Earlier Monday, the Israeli military said it was deploying an additional infantry brigades and an armored brigade to bolster forces around the Palestinian coastal territory, and was calling up a limited number of reservists from specialized units.
Meanwhile, Prime Minister Benjamin Netanyahu of Israel said that he was cutting short his visit to Washington, with the rocket attack posing a new challenge to his bid for re-election just two weeks before Israelis go to the polls.
The rocket attack came less than two weeks after Israel and Hamas worked to de-escalate tensions after two rockets from Gaza were fired at Tel Aviv. One struck open ground near the suburb of Holon. The other may have exploded in midair or fallen into the sea.
The Israeli daily Haaretz reported that rockets fired from Gaza overnight into the Israeli town of Sderot after the reported ceasefire went into effect and added that one home was hit causing damage but no injuries.
Gaza’s factions said that they would “adhere to the ceasefire if Israel does.”
The military escalation came after a rocket fired from Gaza struck a home in central Israel on early Monday, wounding seven.
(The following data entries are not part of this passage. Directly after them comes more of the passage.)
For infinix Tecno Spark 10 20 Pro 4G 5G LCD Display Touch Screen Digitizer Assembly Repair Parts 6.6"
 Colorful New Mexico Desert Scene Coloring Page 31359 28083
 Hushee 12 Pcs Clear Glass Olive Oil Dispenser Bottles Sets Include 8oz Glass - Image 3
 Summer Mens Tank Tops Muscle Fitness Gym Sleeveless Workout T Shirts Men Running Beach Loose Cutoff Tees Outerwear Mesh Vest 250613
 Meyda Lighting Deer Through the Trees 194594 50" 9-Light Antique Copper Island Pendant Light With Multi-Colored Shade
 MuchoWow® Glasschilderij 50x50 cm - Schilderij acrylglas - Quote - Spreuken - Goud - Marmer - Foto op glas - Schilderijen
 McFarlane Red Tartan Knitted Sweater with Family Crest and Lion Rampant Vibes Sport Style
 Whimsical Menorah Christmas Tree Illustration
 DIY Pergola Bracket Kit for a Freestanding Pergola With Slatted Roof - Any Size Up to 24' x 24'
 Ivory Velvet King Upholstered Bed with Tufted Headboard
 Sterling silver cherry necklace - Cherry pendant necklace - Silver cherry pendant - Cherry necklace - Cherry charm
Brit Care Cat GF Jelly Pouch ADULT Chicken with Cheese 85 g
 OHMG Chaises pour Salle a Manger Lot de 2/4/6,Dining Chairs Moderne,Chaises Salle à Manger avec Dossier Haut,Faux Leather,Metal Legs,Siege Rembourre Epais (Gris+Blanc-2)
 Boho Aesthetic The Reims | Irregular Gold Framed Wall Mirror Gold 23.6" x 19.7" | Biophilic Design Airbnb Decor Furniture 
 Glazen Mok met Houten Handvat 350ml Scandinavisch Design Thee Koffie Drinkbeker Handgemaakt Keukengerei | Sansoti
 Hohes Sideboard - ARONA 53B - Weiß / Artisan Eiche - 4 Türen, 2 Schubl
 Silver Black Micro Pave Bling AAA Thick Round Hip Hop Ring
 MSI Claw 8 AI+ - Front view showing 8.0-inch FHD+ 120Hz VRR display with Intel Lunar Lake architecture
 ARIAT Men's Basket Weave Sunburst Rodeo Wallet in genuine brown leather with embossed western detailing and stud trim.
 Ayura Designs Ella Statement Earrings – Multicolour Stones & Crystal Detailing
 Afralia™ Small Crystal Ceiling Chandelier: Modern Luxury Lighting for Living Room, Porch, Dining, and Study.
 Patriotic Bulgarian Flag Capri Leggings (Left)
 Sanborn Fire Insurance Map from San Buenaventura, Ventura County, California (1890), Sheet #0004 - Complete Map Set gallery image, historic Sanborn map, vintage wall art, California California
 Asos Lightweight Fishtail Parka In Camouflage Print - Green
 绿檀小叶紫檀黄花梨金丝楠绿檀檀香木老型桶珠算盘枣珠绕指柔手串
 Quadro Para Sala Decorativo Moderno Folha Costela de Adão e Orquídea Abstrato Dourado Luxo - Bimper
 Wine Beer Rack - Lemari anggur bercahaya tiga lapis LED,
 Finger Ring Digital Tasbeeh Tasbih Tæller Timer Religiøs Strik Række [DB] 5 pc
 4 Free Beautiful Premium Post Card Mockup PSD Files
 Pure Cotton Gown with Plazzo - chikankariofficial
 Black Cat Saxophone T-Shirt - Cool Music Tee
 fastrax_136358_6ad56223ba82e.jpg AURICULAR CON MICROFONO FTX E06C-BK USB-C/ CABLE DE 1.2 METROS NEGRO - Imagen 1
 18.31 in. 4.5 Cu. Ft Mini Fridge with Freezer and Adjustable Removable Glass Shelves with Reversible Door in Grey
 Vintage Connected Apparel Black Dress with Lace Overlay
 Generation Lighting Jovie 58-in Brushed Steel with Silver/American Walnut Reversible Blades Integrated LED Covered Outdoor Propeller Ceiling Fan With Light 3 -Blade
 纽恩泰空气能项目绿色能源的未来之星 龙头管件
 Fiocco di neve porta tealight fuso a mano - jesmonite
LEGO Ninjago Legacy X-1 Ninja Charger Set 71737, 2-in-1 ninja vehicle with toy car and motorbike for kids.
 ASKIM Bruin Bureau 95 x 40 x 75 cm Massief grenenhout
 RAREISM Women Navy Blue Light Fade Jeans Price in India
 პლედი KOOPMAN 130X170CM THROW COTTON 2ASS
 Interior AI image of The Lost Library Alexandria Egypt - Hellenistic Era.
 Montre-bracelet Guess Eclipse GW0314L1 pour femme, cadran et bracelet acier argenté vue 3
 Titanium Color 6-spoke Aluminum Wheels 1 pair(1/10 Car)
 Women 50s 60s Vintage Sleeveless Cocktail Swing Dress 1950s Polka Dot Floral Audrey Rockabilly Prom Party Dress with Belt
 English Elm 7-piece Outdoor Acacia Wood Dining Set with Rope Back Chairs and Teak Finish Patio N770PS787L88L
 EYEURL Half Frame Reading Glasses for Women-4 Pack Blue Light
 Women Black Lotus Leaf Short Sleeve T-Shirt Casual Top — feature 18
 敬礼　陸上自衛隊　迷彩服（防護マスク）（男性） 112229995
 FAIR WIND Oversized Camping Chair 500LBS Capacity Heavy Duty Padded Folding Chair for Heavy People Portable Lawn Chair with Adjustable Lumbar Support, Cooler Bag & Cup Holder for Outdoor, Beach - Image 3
It was the first time a rocket struck deep inside of Israel since the 2014 war between Israel and Hamas.
Israel has also waged three offensives on Gaza since December 2008, a year after Hamas took power in the besieged enclave.
The last war of 2014 severely damaged Gaza’s already weak infrastructure, prompting the UN to warn that the strip would be “uninhabitable” by 2020.
Tensions have been escalating for the past year along the Israel-Gaza fence since Palestinians began their weekly protests, during which more than 260 Palestinians have been killed. Gaza’s living conditions have grown worse because of chronic fuel and electricity shortages, compounded by an ongoing 12-year Israeli blockade, as residents have had as little as four hours a day of power for much of the last few years.
Protesters have demanded the right to return to their homes and villages in historic Palestine, and demanded an end to Israel’s 12-year blockade of the Gaza Strip, which has gutted the coastal enclave’s economy and deprived its roughly two million inhabitants of many basic commodities.